At the same time, the number of middle-class children in public schools declined as birth rates fell and private-school enrollment increased, according to the report entitled ''Cheating Our Children.''

''Public schools stand the risk of becoming the schools of low-income, disadvantaged and poverty-level children,'' said C. Emily Feistritzer, the education researcher who compiled the report chiefly from government statistics. ''People who are highly educated and making money seem to be turning to the private schools.''

Because of the ''harsh reality'' in public schools, Feistritzer said it will be difficult to enforce more stringent high school graduation requirements adopted recently by many states. Instead, she said there should be ''more differentiation . . . based on ability levels.''

''That's not a popular notion now because we are so hung up on equity,'' Feistritzer sasid. ''But not all students can handle three years of hard science . . . . There ought to be a common core that all are exposed to, but recognition of different ability levels is desirable.'' Feistritzer is director of the private National Center for Education Information and publisher of several Washington-based newsletters. Last year, she prepared widely noted reports on training and quality of teachers and on school finance.
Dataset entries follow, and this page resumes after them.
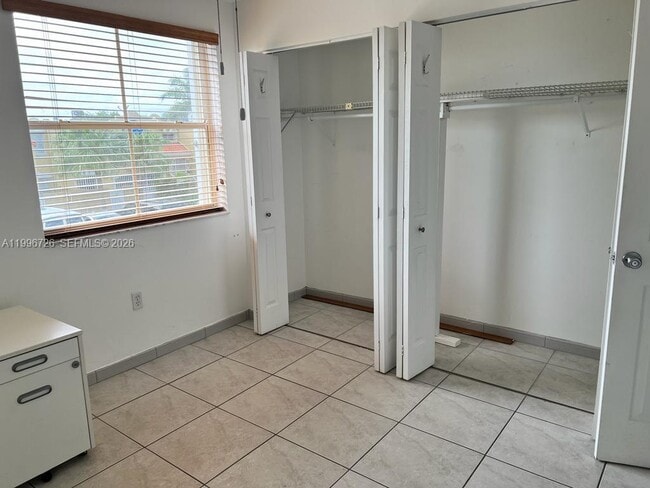 Building Photo - 365 NW 85th Ct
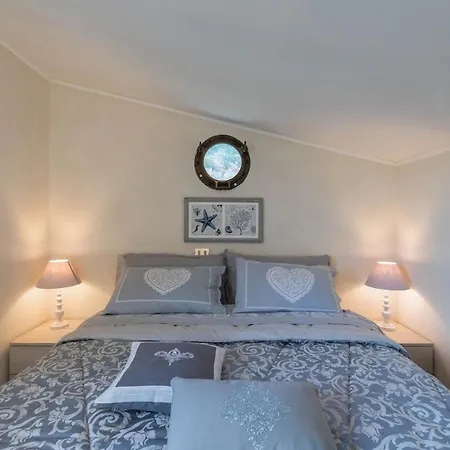 Bilocale Con Terrazza Vista Mare E Posto Auto 阿拉西奥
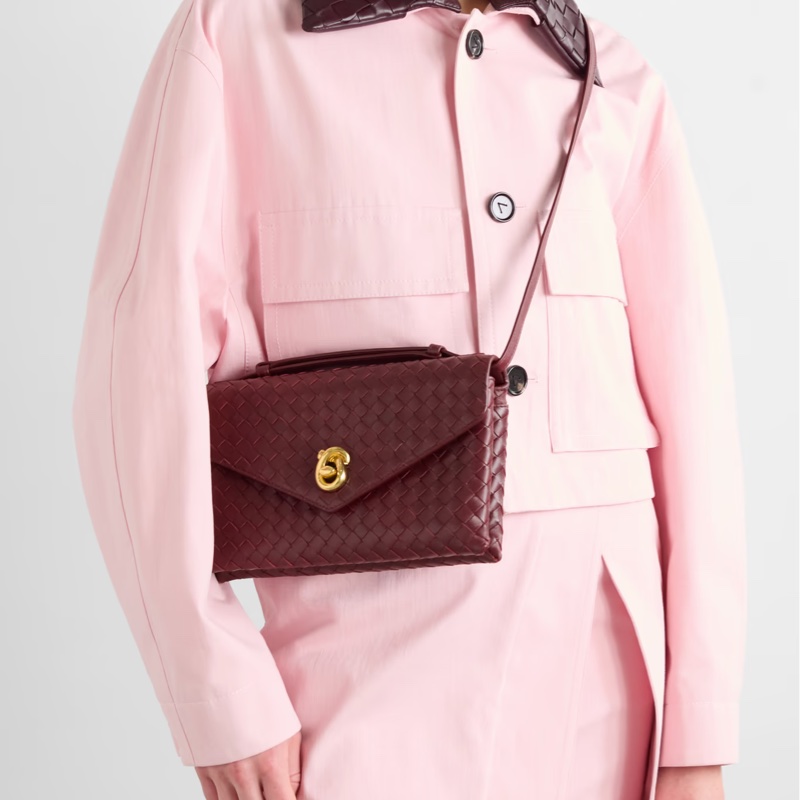 新款Bv信封手提斜背包 巴羅洛酒紅-12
According to the new report, the proportion of school-age children from poverty-level homes rose from 14.8 percent in 1970 to 21 percent in 1983. The increase in this low-income category amounted lto 1.9 million children, compared with a decline of 6.1 million children from more prosperous homes.

Households headed by women accounted for almost 90 percent of the increase in numbers of poverty-level children, the report said. The number of school-age children in low-income households headed by women has reached 4.7 million, an increase of almosty 67 percent in slightly more than a decade.

Although blacks total about 5 percent of all school-age children, Feistritzer said they account for about one-third of those in poverty.

Since 1970, she said, enrollment in private schools, including nurseries, has increased by about 4 percent, while public-school enrollment plummeted by 11.4 percent.

Feistritzer cited several studies showing a strong relationship between family income and student achievement. She said children from broken homes also generally do worse in school than those from intact homes.